Serum copeptin as a prognostic marker in pre-eclampsia

Objective: Pre-eclampsia (PE) is as a risk factor for subsequent cardiovascular and kidney disease. Serum copeptin correlates with adverse kidney outcomes in the general population and is increased during PE as compared to healthy pregnancy. We describe the association between copeptin and subsequent kidney outcomes in pregnant women. Design and method: We enrolled 372 patients with PE and 82 with healthy pregnancy in this prospective cohort study. Serum copeptin was measured at 6 weeks post-partum (PP). Office blood pressure (BP), eGFR and albuminuria were measured at 6 weeks as well as at 1 year PP in a sub-group of 110 patients. Interaction effect was tested using likelihood ratio test (LRT).
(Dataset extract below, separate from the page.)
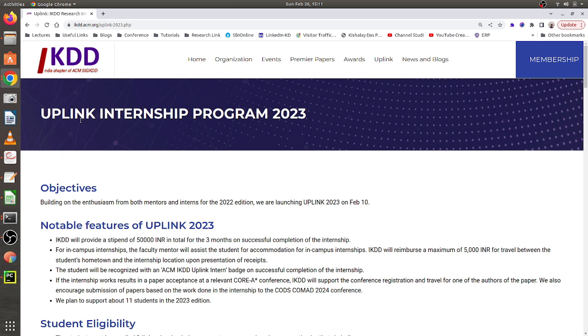If you want to know the details, please stay tuned till the end of this video. If you like the video, please like and share it. If you are new to this channel, please subscribe and hit the bell icon so you get instant notifications. So this is the webpage for the UPLINK Internship Program 2023, organized by IKDD.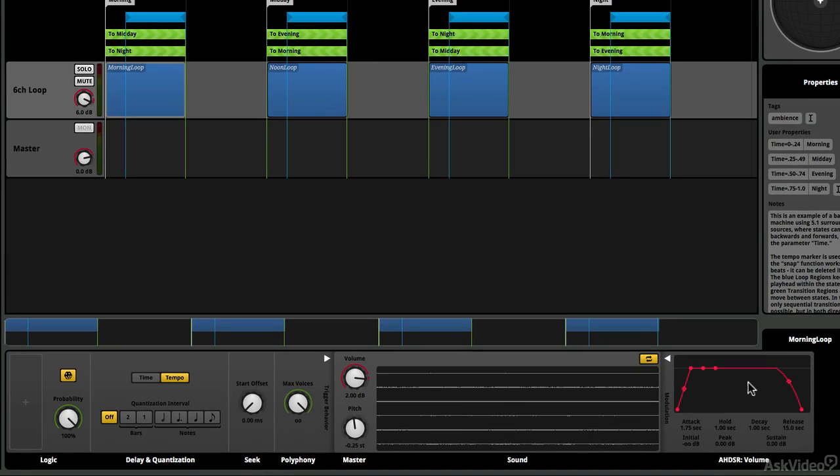So I've got an envelope, so the sound is going to come on slowly, and then it will die out fairly slowly. On the left-hand side, I've got things like probability, and start offset, and voices.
Results: As compared to healthy controls, patients with PE were less frequently Caucasian, more likely smokers and had higher body mass index (p < 0.05). At 6 weeks PP, copeptin levels were similar between groups. At one year PP, systolic BP (SBP), diastolic BP (DBP) and albuminuria were higher in PE as compared to control patients (p < 0.05) while eGFR was similar between groups. A significant interaction existed between copeptin and PE status regarding DBP at 1 year PP (p = 0.045 for LRT). A similar but borderline interaction existed between copeptin and PE status for albuminuria at 1 year PP (p = 0.126 for LRT). Conclusions: At 6 weeks PP, women who suffered from PE do not have increased copeptin levels as compared to healthy controls. However, in case of PE only, copeptin levels are associated with subsequent adverse kidney outcome. Whether this association is causal and would represent a potential therapeutic target remains to be tested.